Background & Objective: Cytokines are immune system factors known to play a key role in both HCV clearance and the development of infection the impact of host genetic factors on the clinical outcome of HCV infection has not been elucidated. On the other hand, the impact of Genetic changes like Single nucleotide polymorphisms on expression rate and function of Cytokine is under study. The aim of the present study was to compare TGF-B cytokine gene polymorphisms associated with the susceptibility to HCV infection.

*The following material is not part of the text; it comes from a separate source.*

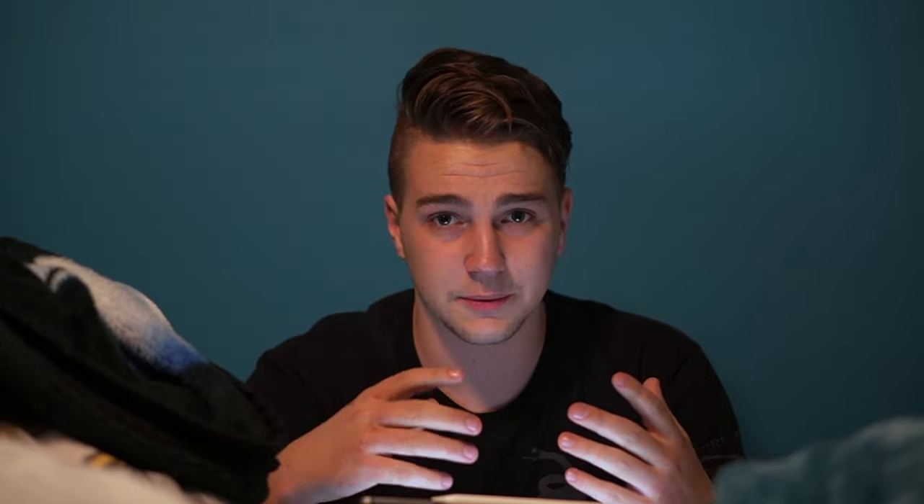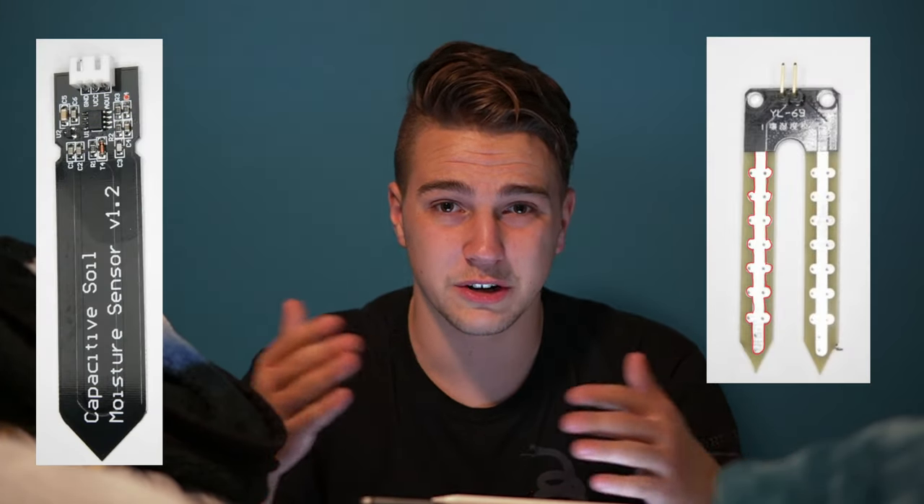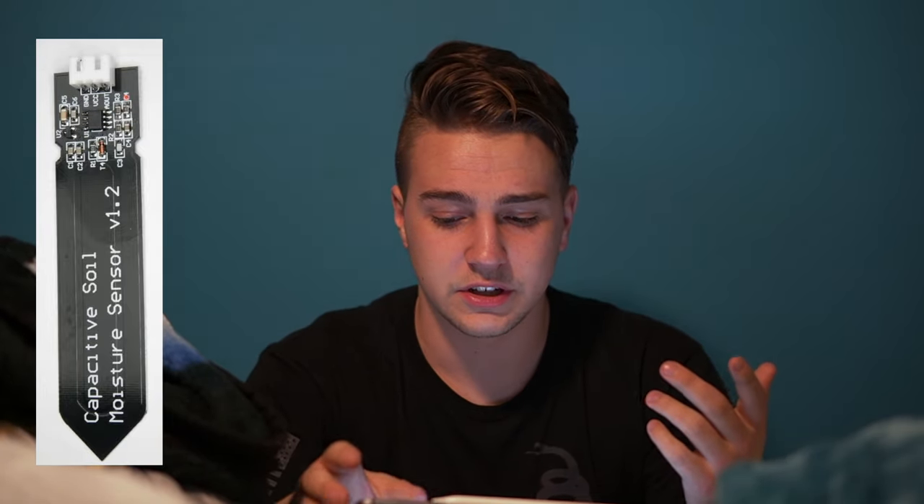This system won't be a timer system like your yard sprinklers. Instead, it will measure the amount of moisture in the soil and turn a valve on depending on whether or not there is enough moisture for the plant within a certain range. It will use a compact capacitive sensor rather than a direct electrical sensor, which wears away over time — a capacitive sensor will never wear away, which is exactly what I'm looking for.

Materials & Methods: In this case-control study population composed of 125 individuals infected with HCV and 125 healthy controls. Genotyping was carried out by PCR-RFLP and the distribution of the TGF-B1 Gene 915 G>C polymorphism was compared in these groups. For confirmation of RFLP results, 10% of samples were genotyped by direct sequencing.

Results: The frequency of the TGF-β1 gene polymorphisms at position 915 in the HCV patients was GG (92%), GC(8%), CC(0%) and in the healthy controls was GG (89.6%), GC(8.8%),CC(1.6%), respectively. Allele frequency in the patients was G(96%),C(4%) and in the controls was G(94%)and C(6%).Statistically, there was no significant difference in genotype or allele frequency between the HCV patients and the control group.

Conclusion: Distribution of genotypes in the HCV patients was similar to the results of some other studies, but the frequency of genotypes in the healthy controls of this study was different from the results in studies carried out in populations out of Iran. In conclusion, we can not consider TGF-B1 Gene 915 G>C polymorphism as an increasing or decreasing factor for susceptibility to HCV infection in our studied population.